Safe Passage Students Celebrate Culture on Guatemala's 195th Independence Day

Improve Education Fund
September 20, 2016

Safe Passage

At Safe Passage, more than 90% of our staff are Guatemalan. Cultural celebrations are an important part of what we do to celebrate our Guatemalan roots and bring our community together!

Each year, Guatemala celebrates its independence from Spain on September 15. In honor of the holiday, Safe Passage staff, volunteers, students and parents join together to celebrate community, culture with thematic activities, art projects, history lessons, and the annual la antorcha run:

Celebrating Guatemala’s National Symbols

Our youngest learners at the Escuelita learned the significance of Guatemala’s national symbols (la monja blanca, el quetzal, la ceiba or la marimba) with an art project.

Celebrating Guatemala’s Historical Locations

Students used artistic murals to learn about Guatemala’s historic locations (including Kaminal Juyu and the National Palace). Each student had the opportunity to teach their classmates what they learned about each historic site and it’s importance to Guatemalan culture.

Celebrating La Antorcha

The culminating event is the annual la antorcha (torch run) through the streets of Guatemala City! What is la antorcha?

“Preserving a tradition dating back to the night before the historic day itself (14th September 1821) in which independence hero, María Dolores Bedoya, ran through the streets of Guatemala carrying a lantern as a symbol of hope for the nation’s liberated future, modern-day participants take equal pleasure in celebrating their continued independence.

In a combined effort, the relay runners, generally of school or university age, cover a distance of approximately 350km across the five Central American countries. Naturally, the extensive relay creates great excitement amongst Guatemalan spectators who cheer loudly as they watch the torch pass through their beloved towns and villages (Source).”

The annual la antorcha tradition begins at the Obelisk in Zone 10 in Guatemala City where Safe Passage students and mothers collected the patriotic fire to fuel the torch. Back at Safe Passage, students with the highest grades were granted the honor of carrying the torch and the national flag through the halls of our Learning, Art and Fun Center!

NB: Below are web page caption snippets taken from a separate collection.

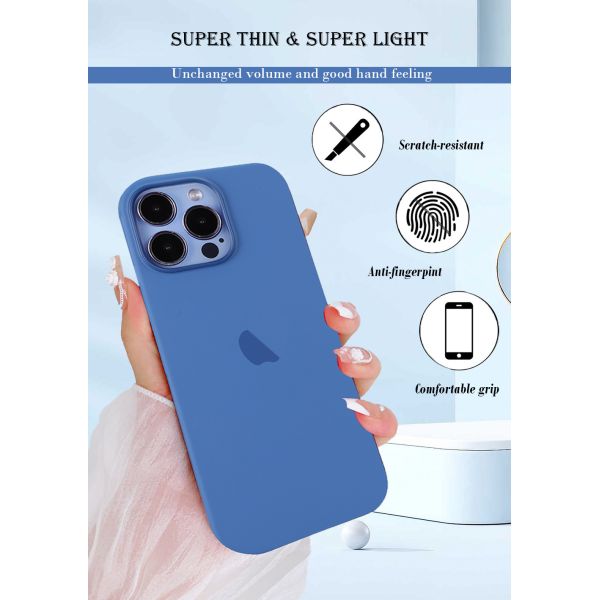 Anti Fingerprint Magsafe Magnetic Case OEM / ODM Liquid Silicone Cases For IPhone Samsung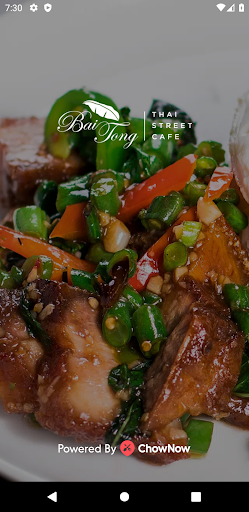 Android application Bai Tong Thai screenshort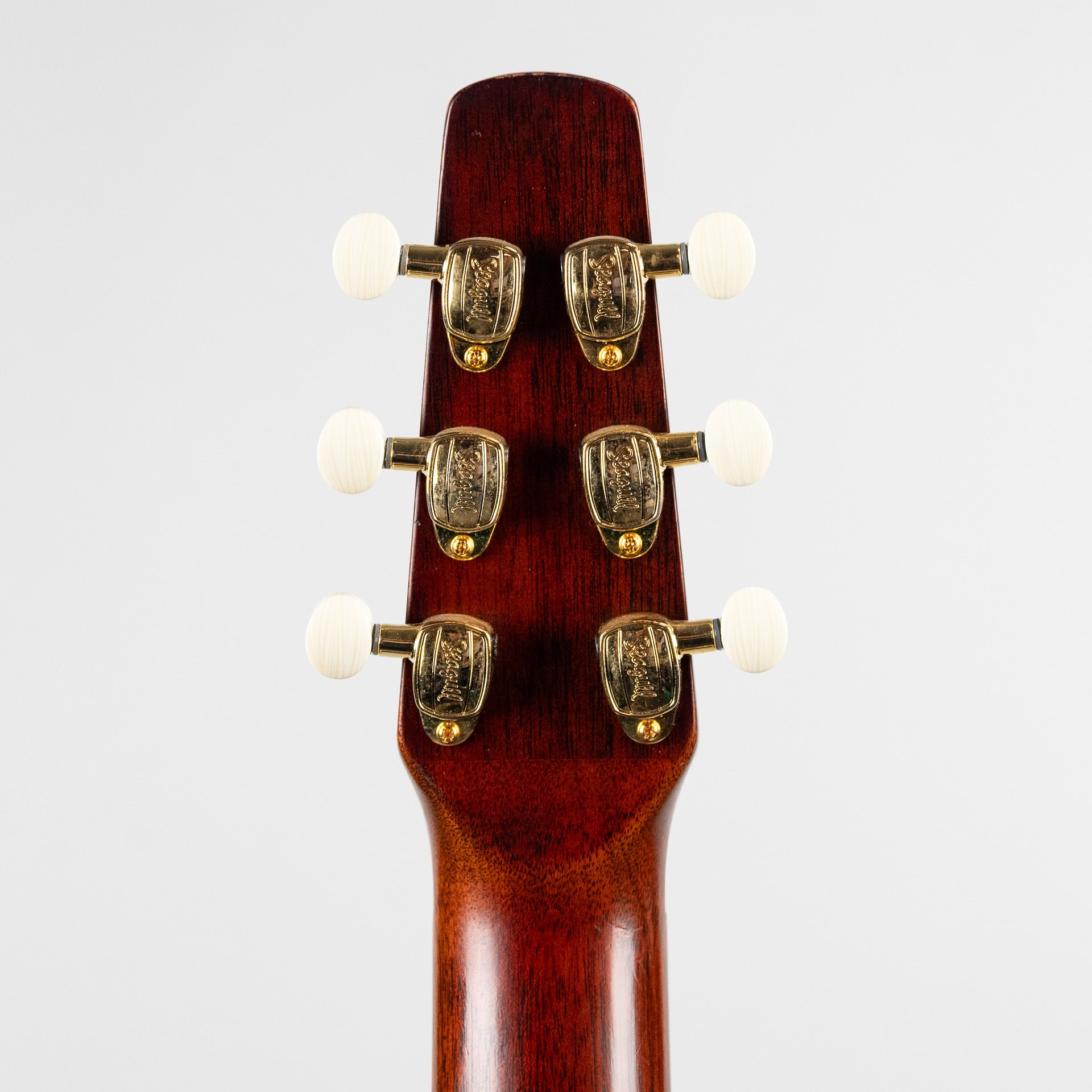 Used Seagull Peppino Signature CW Bourbon Burst Anthem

Celebrating Traditional Dance and Clothing

As Independence Day activities continued, each Safe Passage class represented a different region of Guatemala. Many of our students wore traditional clothing that best represented the area, which made for a colorful display of costumes from the regions of Achi, K’iche’, indigenous Queqchí, etc.

Lively music, dances and songs filled the halls of our school with the sounds of laughter and children’s voices celebrating their culture and their country.

At Safe Passage, students take center stage—they are our symbols of hope for Guatemala.